Please write out the data that follows, word for word.

━━━━━━━━━━

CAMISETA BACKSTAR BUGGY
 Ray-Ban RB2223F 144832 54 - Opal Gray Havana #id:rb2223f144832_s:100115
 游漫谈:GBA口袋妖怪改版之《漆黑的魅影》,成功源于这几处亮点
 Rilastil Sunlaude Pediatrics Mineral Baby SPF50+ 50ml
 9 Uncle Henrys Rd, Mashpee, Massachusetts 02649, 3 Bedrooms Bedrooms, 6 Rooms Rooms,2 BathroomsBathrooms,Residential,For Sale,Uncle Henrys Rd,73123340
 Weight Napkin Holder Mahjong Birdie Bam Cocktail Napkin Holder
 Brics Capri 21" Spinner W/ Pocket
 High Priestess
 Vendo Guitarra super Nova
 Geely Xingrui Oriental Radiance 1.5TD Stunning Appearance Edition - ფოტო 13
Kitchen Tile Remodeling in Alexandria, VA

━━━━━━━━━━

_Task result_
CAMISETA BACKSTAR BUGGY
 Ray-Ban RB2223F 144832 54 - Opal Gray Havana #id:rb2223f144832_s:100115
 游漫谈:GBA口袋妖怪改版之《漆黑的魅影》,成功源于这几处亮点
 Rilastil Sunlaude Pediatrics Mineral Baby SPF50+ 50ml
 9 Uncle Henrys Rd, Mashpee, Massachusetts 02649, 3 Bedrooms Bedrooms, 6 Rooms Rooms,2 BathroomsBathrooms,Residential,For Sale,Uncle Henrys Rd,73123340
 Weight Napkin Holder Mahjong Birdie Bam Cocktail Napkin Holder
 Brics Capri 21" Spinner W/ Pocket
 High Priestess
 Vendo Guitarra super Nova
 Geely Xingrui Oriental Radiance 1.5TD Stunning Appearance Edition - ფოტო 13
Kitchen Tile Remodeling in Alexandria, VA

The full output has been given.